Research has shown that hearing voices is much more common than the general public believes, and many people don’t consider the voices they hear to be a problem.

“I think there’s a tendency for people to judge those experiences simply because they’re outside the box,” Kirchner said. “They just feel unmanageable in some respects to outsiders, but I think when you’re the one experiencing it, you have a different take on that. It can be shifted, depending on what sort of pressure you get. If there’s oppression, then you’re going to try to oppress that experience versus peer respite.”

Peer respite is John McDonald’s favorite part of the network. McDonald is a co-facilitator of the National Alliance on Mental Illness (NAMI) Southwest Washington’s network group with Chiara Caballero.

“Having that space to be validated, no matter what your experiences are, for people to find meaning and explore what they’re experiencing, that is important,” McDonald said.

McDonald and Caballero said they like that the network doesn’t have an assumption of illness attached to it. The group’s inclusion at NAMI, which has mental illness in its title, shows how thoughts and labels in mental health care are changing.

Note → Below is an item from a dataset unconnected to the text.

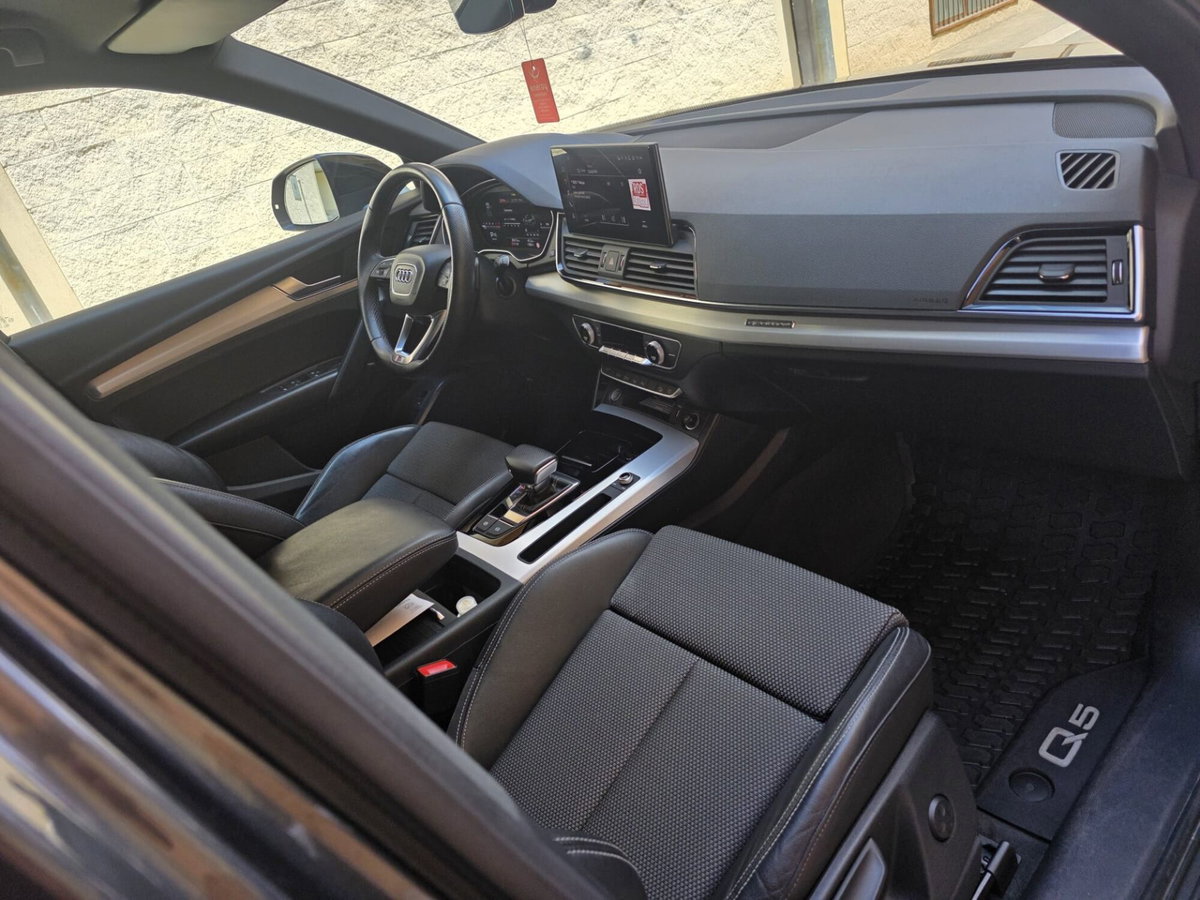 Audi Q5 40 TDI 204 CV quattro S tronic S line plus (14)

“With NAMI, mental illness is in the title,” Caballero said. “With Alcoholics Anonymous, you’re admitting there’s something going on, let’s work on it. With this, some people don’t believe they’re sick and that’s OK, as well.”

McDonald and Caballero work at the NAMI office in downtown Vancouver as program leaders. Since McDonald and Caballero aren’t spending time fighting themselves, they can focus on their lives and careers.

“Most of the office here has some kind of mental health issue, and we’re able to run an organization,” Caballero said.

Ren Autrey, who founded the Hearing Voices group at Community Voices Are Born (CVAB) in Vancouver, said she has been hearing voices since she was young. At that time, her family considered it connected to her Native America heritage.

“You’ve got some of your grandmother,” she said she recalls her family saying.

“It was a normal part of what made me different,” Autrey said.

Eventually, hearing voices and struggles with her mental health, in part, led Autrey into homelessness. At that time, Autrey said she didn’t know how to best handle the voices and converse with them in the proper way. She was easily angered by the voices. The network helped teach her how to push back against bad voices or thoughts and make sure she didn’t cross boundaries and violate others’ space. She learned skills to help her live with those experiences.

Autrey is now housed and works as a health connect hub coordinator for Southwest Washington Accountable Community of Health in Vancouver. She said a large part of her success has come because she no longer feels hampered by psychiatric labels.

“It’s helped me put those labels in perspective,” Autrey said. “They didn’t have to define me, but they can be part of who I am, which is something I’m OK with. They’re part of me.”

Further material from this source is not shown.